Fouling the front 4 holes would not be the carb. When it runs on the primary barrels it will feed all cylinders. I would look at some
simple things like plug gap on the front 4,,,,Wires,,,Distributor cap.
I'm searching here?? Should not foul front 4.
this may or may not help but i just added a air gap and a eddelbrock 600 cfm on my 302 and it runs pretty bad on heavy rpms and i found out in my auto class that this could happen when your fuel pump is going bad, and im pretty sure thats the problem with mine i have yet to put it on, but everything else that could cause this prob is new on the 302 so maybe you should check out the fuel pump it wont hurt
Fouling on the front cylinders on both sides means that at least you know that both sides of the carb are doing it the same way. When you say that you don't see any fuel coming out of the boosters at 2,500 rpm. Do you mean that there is nothing, or only a little drip. Did there used to be fuel coming out at same rpm's? If you are fouling the front 4 cylinders I would suspect a vacuum leak at the rear of the carb or plenum.
As far as the fuel, the engine at low power requirements can run up to about 3K rpm before making it out of the transition circuit and into the main jets. The transition circuits are the long holes just above where the idle mixture screws let fuel into the bottom of the carb. They run vertically and should be about 1/8 to 3/16's inch long. Just because you are reaching a certain rpm doesn't mean that the engine needs a lot of air. If the throttle blades are not past the transition slots then you will pull virtually no fuel through the main metering jets.
Are the rear butterflys closed all the way on the carb? I believe there is a screw or a tab that you can adjust to open them up.
A vacuum leak can cause the misfire sound and cause all sorts of strange things.
What kind of distributor and ignition are you running. Is everything in reasonably good shape?

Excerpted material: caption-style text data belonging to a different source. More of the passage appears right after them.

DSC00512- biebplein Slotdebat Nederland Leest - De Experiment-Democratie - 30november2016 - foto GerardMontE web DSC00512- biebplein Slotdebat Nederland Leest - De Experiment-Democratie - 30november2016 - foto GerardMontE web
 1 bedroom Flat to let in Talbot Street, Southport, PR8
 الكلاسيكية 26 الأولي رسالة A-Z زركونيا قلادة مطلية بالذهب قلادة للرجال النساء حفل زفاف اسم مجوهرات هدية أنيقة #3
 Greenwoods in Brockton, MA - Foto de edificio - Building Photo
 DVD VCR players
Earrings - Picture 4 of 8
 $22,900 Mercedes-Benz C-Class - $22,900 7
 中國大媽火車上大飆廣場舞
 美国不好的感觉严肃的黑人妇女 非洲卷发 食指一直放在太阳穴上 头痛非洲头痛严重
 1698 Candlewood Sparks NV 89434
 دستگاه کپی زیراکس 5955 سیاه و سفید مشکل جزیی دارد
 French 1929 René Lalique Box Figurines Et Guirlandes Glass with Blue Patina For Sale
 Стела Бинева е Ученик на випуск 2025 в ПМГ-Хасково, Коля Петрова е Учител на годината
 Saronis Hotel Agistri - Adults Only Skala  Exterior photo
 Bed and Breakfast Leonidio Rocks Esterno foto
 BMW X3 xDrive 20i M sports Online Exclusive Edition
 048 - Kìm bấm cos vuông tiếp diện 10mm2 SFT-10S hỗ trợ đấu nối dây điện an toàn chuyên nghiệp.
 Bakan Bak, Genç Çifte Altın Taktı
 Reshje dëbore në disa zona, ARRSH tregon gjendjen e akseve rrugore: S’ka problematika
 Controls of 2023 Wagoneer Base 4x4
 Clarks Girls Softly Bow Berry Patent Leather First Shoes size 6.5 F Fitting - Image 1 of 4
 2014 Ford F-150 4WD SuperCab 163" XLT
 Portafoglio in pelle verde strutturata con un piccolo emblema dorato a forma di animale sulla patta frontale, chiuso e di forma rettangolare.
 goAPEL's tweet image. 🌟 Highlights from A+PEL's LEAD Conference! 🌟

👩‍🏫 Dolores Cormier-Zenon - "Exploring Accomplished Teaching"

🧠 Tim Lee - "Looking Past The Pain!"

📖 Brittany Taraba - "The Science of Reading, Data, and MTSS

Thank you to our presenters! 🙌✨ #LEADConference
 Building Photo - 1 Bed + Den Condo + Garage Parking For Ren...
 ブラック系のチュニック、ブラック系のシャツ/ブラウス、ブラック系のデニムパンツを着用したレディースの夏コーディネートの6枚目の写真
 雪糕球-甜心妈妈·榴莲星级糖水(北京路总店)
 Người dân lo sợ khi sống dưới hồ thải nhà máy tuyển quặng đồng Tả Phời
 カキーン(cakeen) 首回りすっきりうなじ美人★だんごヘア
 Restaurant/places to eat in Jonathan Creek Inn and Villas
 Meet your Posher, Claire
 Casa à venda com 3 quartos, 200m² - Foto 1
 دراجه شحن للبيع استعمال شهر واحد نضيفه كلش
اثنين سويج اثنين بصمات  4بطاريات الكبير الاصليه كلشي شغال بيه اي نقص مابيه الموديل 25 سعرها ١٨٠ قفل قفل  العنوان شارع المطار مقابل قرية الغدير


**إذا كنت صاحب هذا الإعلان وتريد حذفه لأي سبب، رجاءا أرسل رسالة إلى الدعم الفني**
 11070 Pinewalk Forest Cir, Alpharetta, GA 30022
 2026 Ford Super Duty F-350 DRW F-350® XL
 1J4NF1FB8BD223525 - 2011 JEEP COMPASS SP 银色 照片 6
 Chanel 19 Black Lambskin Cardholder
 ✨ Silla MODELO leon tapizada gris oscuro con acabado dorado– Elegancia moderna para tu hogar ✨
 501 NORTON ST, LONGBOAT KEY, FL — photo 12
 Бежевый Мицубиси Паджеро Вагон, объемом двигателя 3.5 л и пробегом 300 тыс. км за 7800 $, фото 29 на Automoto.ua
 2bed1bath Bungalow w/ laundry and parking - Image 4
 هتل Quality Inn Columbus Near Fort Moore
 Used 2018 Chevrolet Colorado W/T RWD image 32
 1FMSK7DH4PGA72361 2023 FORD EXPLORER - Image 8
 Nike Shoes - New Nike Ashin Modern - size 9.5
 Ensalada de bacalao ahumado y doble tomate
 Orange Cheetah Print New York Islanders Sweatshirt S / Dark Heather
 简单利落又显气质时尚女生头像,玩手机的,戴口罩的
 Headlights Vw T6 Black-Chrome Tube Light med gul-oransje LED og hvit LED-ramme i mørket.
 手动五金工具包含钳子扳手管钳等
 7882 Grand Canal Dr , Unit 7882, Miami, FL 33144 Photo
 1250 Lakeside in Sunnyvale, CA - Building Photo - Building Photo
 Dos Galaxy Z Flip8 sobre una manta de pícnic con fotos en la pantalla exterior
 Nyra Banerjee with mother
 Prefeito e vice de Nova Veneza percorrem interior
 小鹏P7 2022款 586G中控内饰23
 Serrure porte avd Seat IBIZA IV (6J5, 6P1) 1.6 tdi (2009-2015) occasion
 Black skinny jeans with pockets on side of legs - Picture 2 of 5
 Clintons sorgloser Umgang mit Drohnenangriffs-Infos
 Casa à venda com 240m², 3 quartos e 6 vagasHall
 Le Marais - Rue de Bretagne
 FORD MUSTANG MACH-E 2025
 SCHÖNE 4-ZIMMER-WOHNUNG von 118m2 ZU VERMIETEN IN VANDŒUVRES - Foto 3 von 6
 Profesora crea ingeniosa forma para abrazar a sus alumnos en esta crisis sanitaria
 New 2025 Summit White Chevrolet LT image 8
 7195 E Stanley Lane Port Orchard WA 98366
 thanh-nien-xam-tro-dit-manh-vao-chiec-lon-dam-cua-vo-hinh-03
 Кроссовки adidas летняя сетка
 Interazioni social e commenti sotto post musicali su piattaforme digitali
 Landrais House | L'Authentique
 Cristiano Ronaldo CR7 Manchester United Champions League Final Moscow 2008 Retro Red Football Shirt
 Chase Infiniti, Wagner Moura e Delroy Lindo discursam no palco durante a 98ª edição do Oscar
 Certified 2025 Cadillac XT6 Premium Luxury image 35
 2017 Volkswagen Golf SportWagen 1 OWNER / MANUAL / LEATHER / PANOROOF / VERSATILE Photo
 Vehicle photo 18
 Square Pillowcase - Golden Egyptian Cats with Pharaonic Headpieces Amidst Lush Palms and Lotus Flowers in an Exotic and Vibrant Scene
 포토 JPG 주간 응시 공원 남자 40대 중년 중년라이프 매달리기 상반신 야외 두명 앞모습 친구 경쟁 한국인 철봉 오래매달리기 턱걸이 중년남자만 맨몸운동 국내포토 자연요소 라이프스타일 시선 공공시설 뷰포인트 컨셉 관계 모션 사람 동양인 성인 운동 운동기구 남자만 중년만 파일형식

On certain engines there is a tendency for one end or the other to receive more fuel than the other. Since edelbrock is a very good manifold manufacturer I don't think it would be manifold design. Did you call Edelbrock and ask them? They might have had similar problems and know exactly what to test.
Are you sure that the fouling is coming from fuel? Is there black smoke at the exhaust? What kind of fuel pressure are you running? If the front float is messing up it will run down the venturi and go toward the lowest portion of the manifold. Is the power valve blown? Test it by taking it out and sucking on it, you shouldn't be able to suck air from one side to the other.
Many questions and many possible answers. It might be a bad combination of several of the above things. Trial and error is where you have to start. If you go through all the obvious things and get no results come back here and put up what you found. Maybe somebody else will have an idea.
I went through the ignition, and checked the compression, all seemed good. I took the carb apart and cleaned out all the passages, and put that all back together. Then i checked for dead cylinders by pulling off the plug wires 1 by 1 while the engine was running. #6 cyl. was dead. I changed the spark plug, and it ran nice and smooth. As for the fouling of the front, i never determined what that was. Anyone have any suggestions for what plugs to use? Thanks for all the help, i learned some new stuff, PEACE OUT!
If your using the stock dual plane intake. I had a friend that his engine was missing on number 1,3,6 & 8 plugs...
His Holley base plate was cracket on the rear throttle shaft, on the right side... use WD40 while engine is running , spray it all around bottum of carb, if engine idles up, you've found the leak.